_Records shown:_
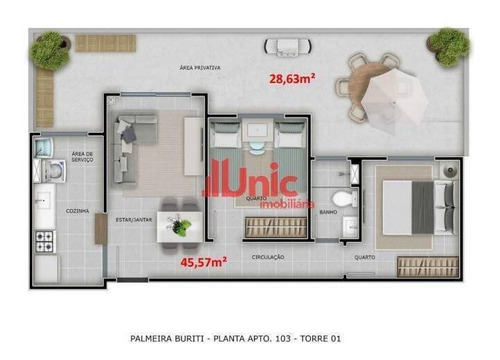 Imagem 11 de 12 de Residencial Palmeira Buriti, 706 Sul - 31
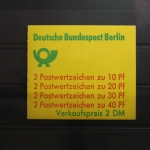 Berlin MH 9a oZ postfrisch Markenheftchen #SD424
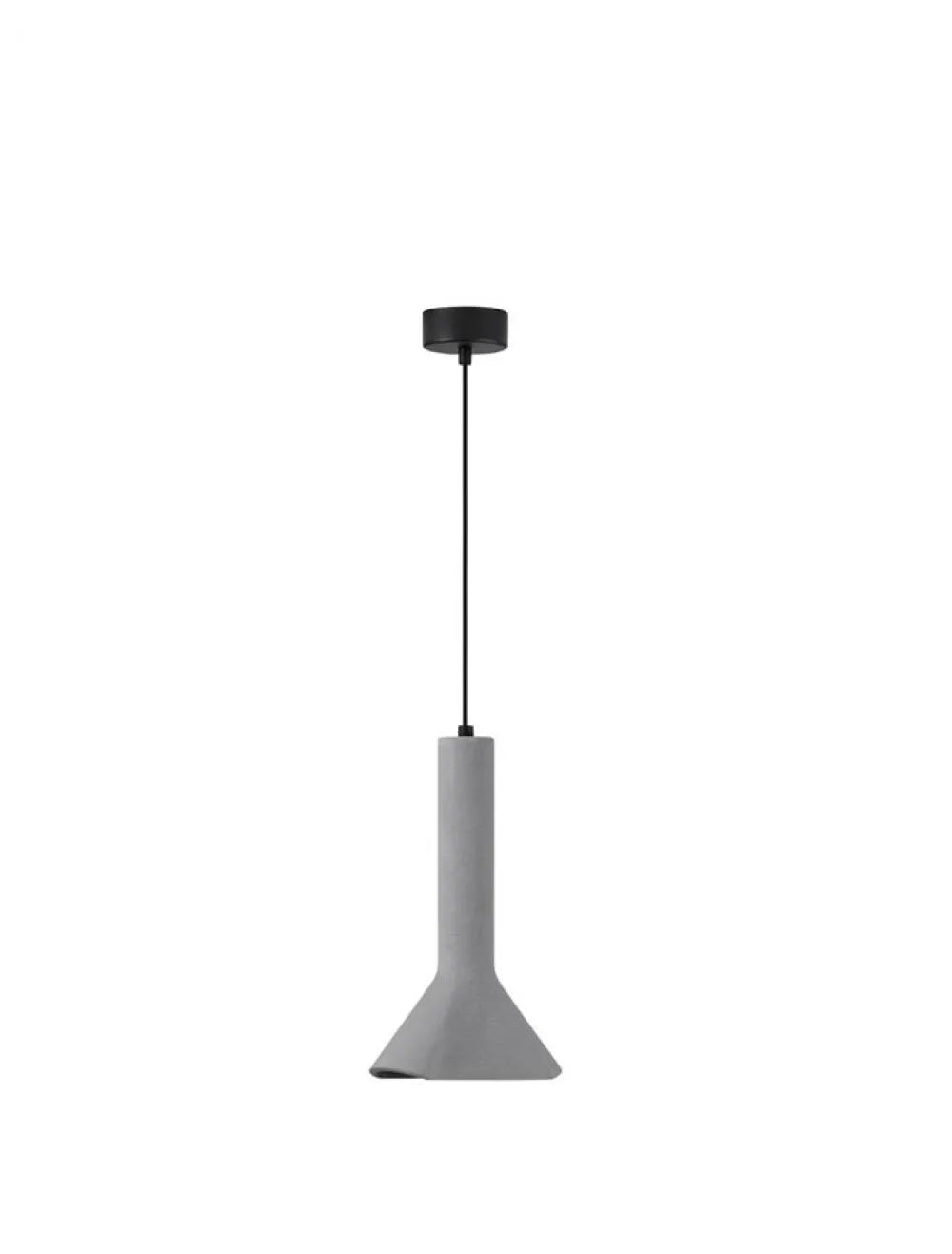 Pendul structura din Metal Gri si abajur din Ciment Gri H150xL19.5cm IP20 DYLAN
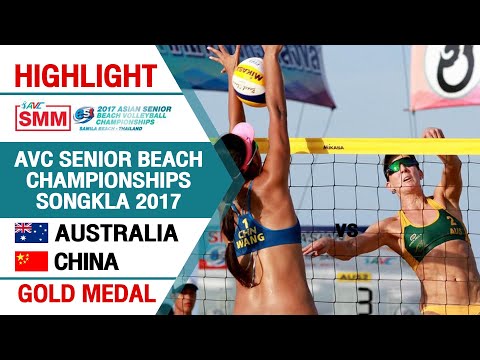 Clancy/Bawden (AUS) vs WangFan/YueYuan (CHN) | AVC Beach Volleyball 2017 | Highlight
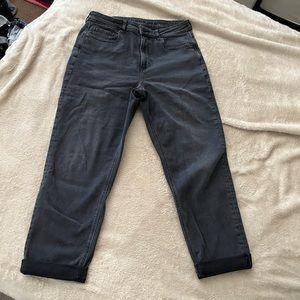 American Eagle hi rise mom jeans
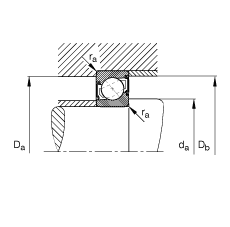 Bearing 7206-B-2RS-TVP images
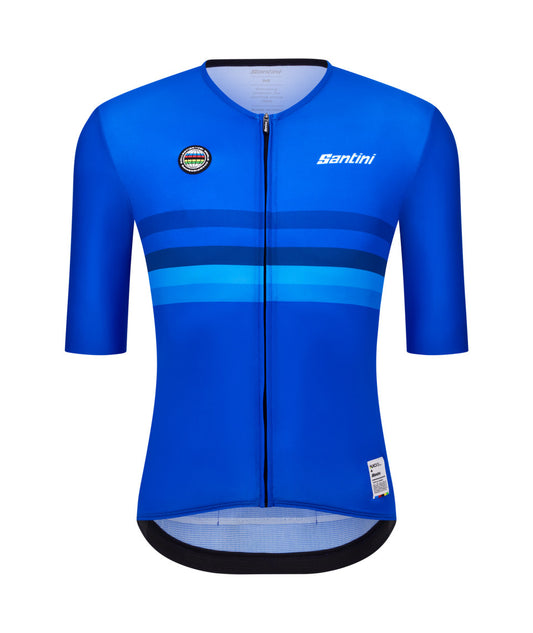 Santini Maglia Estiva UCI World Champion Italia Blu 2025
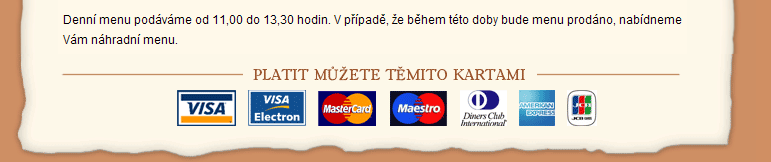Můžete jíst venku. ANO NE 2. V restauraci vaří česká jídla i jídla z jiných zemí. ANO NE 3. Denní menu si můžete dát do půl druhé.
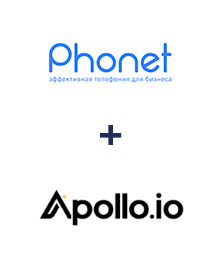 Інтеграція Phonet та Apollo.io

_Work required:_ Starting at the line that contains "Berlin MH 9a", retype each line through the final one in the listing, with both ends kept and the pictures omitted.

_Answer to this exercise:_
 Berlin MH 9a oZ postfrisch Markenheftchen #SD424
 Pendul structura din Metal Gri si abajur din Ciment Gri H150xL19.5cm IP20 DYLAN
 Clancy/Bawden (AUS) vs WangFan/YueYuan (CHN) | AVC Beach Volleyball 2017 | Highlight
 American Eagle hi rise mom jeans
 Bearing 7206-B-2RS-TVP images
 Santini Maglia Estiva UCI World Champion Italia Blu 2025
Můžete jíst venku. ANO NE 2. V restauraci vaří česká jídla i jídla z jiných zemí. ANO NE 3. Denní menu si můžete dát do půl druhé.
 Інтеграція Phonet та Apollo.io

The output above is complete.